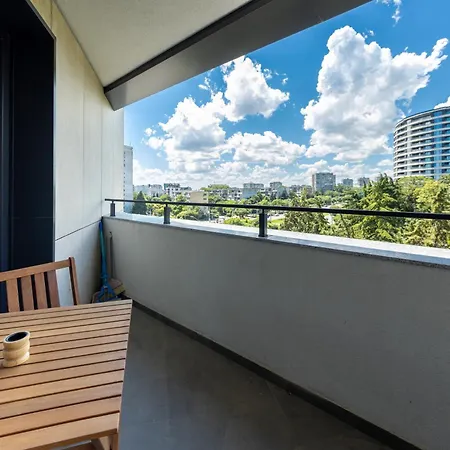 Modern View Flat With Free Parking Διαμέρισμα *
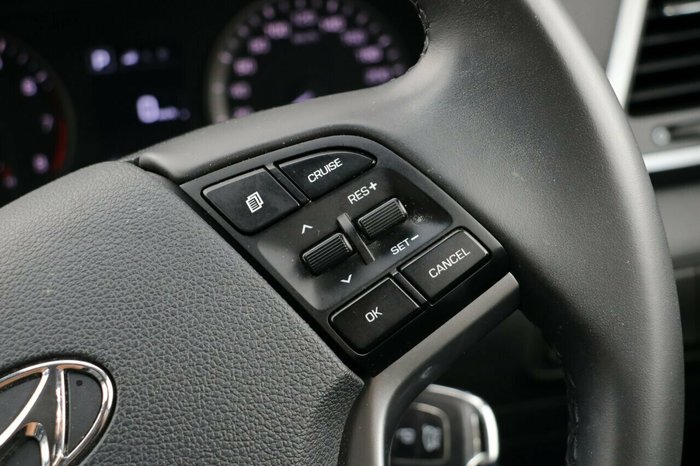 2017 Hyundai Tucson Active X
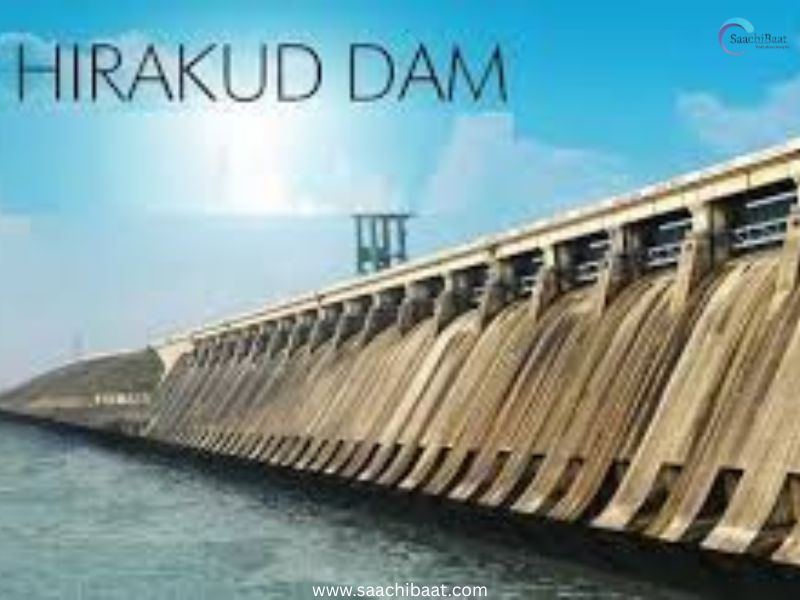 Hirakud Dam
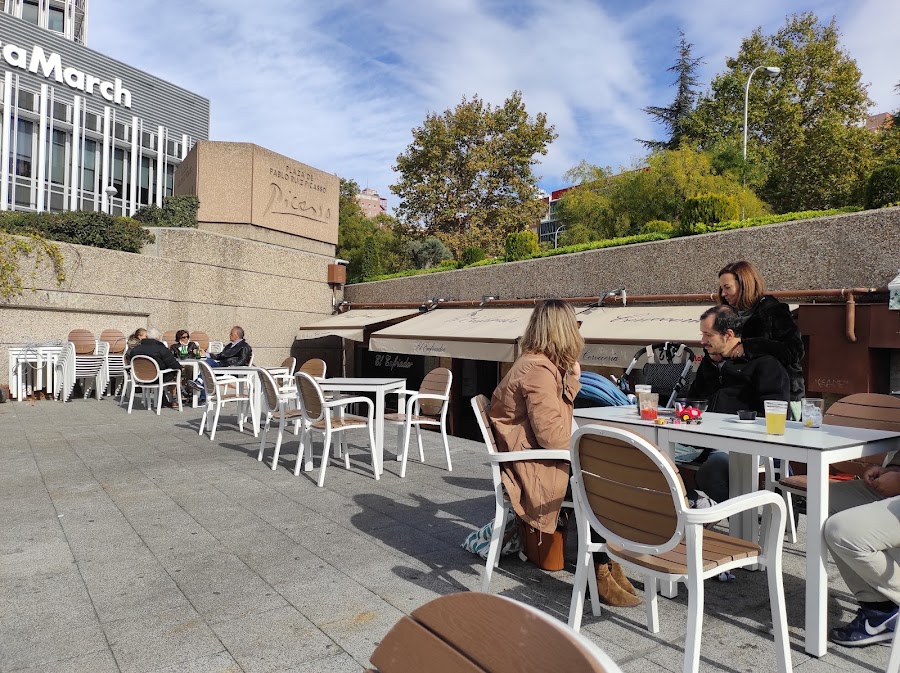 Restaurante El Enfriador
------------
### EXERCISE DESCRIPTION
A verbatim copy of the data, free of pictures, is the expected answer.

### RESPONSE FOR THIS EXERCISE
 Modern View Flat With Free Parking Διαμέρισμα *
 2017 Hyundai Tucson Active X
 Hirakud Dam
 Restaurante El Enfriador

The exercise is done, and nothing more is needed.